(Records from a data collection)
::::::::

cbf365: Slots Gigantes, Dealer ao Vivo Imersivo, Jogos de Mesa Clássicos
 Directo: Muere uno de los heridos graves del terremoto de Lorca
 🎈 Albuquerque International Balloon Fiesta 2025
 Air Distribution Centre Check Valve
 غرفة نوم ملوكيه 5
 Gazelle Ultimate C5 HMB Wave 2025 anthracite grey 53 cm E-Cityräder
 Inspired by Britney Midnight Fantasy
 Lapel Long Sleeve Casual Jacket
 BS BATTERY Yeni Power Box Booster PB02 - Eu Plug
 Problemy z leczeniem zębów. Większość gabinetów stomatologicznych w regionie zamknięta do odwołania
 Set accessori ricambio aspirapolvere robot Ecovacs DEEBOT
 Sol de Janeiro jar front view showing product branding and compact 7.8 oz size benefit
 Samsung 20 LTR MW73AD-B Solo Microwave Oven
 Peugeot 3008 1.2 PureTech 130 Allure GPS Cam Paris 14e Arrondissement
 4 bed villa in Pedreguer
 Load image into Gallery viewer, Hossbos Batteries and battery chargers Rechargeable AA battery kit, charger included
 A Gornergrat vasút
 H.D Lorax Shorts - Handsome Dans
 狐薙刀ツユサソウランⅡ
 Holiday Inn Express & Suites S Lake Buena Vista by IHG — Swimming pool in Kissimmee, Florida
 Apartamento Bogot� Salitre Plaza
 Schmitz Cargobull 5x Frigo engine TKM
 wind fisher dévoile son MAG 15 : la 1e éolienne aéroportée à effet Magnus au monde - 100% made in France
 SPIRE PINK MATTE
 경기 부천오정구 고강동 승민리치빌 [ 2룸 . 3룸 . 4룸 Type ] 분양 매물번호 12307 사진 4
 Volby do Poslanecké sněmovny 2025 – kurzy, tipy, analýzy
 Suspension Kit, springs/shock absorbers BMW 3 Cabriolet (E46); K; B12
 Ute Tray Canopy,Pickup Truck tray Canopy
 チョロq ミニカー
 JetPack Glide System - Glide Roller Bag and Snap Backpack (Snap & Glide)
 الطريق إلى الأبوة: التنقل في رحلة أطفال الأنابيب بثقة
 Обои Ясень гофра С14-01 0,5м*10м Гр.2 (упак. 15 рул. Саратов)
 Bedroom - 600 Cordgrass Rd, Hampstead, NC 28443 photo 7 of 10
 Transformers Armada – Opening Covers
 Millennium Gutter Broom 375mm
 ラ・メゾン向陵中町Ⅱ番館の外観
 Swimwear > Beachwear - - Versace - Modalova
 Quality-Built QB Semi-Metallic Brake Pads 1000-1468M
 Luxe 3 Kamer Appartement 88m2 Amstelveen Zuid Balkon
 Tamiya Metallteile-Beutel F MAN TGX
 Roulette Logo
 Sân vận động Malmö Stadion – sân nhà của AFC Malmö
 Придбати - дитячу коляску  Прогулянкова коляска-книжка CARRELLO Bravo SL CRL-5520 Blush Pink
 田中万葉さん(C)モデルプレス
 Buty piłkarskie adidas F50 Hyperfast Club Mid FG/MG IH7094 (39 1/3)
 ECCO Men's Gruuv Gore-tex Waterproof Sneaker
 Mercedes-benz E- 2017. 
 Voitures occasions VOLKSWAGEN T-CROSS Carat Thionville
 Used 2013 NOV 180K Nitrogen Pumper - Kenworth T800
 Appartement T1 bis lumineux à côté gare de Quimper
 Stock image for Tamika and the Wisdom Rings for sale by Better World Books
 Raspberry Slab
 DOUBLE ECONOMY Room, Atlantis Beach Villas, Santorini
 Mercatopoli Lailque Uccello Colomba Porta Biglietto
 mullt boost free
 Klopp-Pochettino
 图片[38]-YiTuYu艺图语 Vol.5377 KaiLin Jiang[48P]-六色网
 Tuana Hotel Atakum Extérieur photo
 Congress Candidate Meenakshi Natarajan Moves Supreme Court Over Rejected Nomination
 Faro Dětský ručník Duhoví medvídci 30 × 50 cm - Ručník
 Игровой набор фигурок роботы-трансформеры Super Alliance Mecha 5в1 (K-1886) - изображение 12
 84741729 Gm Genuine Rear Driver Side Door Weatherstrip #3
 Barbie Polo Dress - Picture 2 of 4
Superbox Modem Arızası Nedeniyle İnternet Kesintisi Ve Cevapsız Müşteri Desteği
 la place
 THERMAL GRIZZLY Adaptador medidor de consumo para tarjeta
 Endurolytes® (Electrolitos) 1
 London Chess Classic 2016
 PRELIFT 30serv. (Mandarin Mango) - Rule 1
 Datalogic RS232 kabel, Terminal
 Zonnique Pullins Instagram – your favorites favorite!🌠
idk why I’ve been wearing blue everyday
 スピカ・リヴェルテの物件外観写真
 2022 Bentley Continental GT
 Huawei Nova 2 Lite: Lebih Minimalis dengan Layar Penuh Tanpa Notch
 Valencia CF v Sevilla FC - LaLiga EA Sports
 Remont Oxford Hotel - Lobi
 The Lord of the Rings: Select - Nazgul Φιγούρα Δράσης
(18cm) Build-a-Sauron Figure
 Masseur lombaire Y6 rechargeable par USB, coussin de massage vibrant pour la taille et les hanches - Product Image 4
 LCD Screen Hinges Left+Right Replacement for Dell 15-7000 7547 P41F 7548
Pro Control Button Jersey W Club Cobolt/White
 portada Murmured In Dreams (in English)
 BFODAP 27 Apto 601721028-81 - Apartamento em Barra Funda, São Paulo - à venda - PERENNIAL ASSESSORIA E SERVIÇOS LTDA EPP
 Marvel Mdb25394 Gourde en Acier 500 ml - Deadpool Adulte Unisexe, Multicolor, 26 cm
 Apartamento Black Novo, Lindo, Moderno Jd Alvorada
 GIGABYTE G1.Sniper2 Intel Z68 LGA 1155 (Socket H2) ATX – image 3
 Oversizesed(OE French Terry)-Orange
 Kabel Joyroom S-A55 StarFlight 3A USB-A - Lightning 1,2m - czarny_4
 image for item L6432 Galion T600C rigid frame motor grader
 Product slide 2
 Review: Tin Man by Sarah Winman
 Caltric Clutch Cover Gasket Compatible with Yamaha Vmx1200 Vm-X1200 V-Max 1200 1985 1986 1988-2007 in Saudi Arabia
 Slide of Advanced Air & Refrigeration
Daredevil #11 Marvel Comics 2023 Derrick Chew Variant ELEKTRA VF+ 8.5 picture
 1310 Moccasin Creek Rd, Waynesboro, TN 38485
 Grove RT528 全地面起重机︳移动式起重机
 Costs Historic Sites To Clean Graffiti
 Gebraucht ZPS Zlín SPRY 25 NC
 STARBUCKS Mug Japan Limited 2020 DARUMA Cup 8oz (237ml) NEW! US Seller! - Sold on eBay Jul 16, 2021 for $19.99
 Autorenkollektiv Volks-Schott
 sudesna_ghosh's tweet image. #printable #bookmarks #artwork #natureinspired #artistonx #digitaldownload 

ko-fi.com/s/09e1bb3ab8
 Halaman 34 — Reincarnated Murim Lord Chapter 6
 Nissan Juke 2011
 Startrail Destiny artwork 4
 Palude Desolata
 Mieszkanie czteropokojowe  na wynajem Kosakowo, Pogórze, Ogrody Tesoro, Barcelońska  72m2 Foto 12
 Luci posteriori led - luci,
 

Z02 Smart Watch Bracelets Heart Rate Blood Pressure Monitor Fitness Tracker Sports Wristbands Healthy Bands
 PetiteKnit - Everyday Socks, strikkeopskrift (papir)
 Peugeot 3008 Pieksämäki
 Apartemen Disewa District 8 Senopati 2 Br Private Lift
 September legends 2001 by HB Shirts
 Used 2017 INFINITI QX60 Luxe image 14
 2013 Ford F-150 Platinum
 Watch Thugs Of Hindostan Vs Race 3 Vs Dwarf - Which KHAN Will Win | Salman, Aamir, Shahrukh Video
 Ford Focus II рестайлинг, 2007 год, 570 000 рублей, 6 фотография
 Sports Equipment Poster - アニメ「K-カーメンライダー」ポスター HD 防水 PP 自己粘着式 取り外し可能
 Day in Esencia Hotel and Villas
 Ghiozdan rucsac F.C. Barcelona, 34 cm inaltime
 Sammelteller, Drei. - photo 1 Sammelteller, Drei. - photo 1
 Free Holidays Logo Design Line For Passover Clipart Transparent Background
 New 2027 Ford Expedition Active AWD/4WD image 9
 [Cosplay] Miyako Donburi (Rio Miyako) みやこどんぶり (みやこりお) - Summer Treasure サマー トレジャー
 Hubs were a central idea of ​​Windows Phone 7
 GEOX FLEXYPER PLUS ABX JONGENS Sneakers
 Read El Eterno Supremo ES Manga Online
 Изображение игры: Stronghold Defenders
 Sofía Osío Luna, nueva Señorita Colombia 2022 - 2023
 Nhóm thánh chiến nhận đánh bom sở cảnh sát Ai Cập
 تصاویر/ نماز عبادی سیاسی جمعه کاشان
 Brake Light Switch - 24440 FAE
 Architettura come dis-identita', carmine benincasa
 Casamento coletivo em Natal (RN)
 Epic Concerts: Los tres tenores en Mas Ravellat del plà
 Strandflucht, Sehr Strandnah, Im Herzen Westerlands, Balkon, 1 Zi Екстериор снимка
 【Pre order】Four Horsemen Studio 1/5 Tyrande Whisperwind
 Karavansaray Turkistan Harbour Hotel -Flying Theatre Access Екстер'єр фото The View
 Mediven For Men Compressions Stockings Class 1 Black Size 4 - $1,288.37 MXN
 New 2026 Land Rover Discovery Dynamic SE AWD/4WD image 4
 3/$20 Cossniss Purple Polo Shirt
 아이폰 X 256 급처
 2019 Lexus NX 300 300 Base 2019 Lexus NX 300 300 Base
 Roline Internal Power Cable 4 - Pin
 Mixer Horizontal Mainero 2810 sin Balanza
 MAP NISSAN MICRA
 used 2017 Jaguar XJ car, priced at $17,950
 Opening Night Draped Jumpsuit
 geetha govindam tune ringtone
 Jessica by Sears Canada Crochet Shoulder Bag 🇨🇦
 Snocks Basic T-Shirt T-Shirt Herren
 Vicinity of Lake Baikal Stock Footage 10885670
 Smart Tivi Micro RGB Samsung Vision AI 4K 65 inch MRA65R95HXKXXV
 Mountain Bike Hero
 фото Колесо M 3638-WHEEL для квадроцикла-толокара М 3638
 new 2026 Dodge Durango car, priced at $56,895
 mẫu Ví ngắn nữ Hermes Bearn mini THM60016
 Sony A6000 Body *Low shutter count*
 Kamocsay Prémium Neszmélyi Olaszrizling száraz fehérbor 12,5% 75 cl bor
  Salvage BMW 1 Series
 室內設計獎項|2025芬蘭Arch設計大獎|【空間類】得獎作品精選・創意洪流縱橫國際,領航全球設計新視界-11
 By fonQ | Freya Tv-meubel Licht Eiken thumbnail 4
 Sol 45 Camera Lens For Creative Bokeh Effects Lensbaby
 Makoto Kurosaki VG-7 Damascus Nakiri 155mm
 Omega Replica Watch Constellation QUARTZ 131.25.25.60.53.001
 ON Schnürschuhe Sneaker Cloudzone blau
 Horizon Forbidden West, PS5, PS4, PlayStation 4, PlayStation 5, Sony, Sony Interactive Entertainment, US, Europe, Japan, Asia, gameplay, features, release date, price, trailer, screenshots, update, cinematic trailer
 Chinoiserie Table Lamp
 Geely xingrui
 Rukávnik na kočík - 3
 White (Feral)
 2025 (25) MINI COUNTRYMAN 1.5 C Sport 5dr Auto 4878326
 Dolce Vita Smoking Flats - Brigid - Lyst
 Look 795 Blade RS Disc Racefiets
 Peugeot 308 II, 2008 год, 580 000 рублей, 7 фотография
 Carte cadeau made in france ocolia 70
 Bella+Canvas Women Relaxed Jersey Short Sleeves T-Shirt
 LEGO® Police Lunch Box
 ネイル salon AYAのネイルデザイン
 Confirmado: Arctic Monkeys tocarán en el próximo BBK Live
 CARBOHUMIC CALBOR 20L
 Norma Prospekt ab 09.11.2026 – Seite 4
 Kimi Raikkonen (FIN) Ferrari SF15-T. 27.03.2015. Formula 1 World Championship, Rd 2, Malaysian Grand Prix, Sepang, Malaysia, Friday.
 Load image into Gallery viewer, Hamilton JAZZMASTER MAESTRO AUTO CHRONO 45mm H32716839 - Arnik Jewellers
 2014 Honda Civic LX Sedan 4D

::::::::

▶ _Exercise prompt_
The response must hold only the lines above from the line with "CARBOHUMIC CALBOR 20L" through the line with "Kimi Raikkonen (FIN)", each copied exactly, both ends kept.

▶ _Response area_
 CARBOHUMIC CALBOR 20L
 Norma Prospekt ab 09.11.2026 – Seite 4
 Kimi Raikkonen (FIN) Ferrari SF15-T. 27.03.2015. Formula 1 World Championship, Rd 2, Malaysian Grand Prix, Sepang, Malaysia, Friday.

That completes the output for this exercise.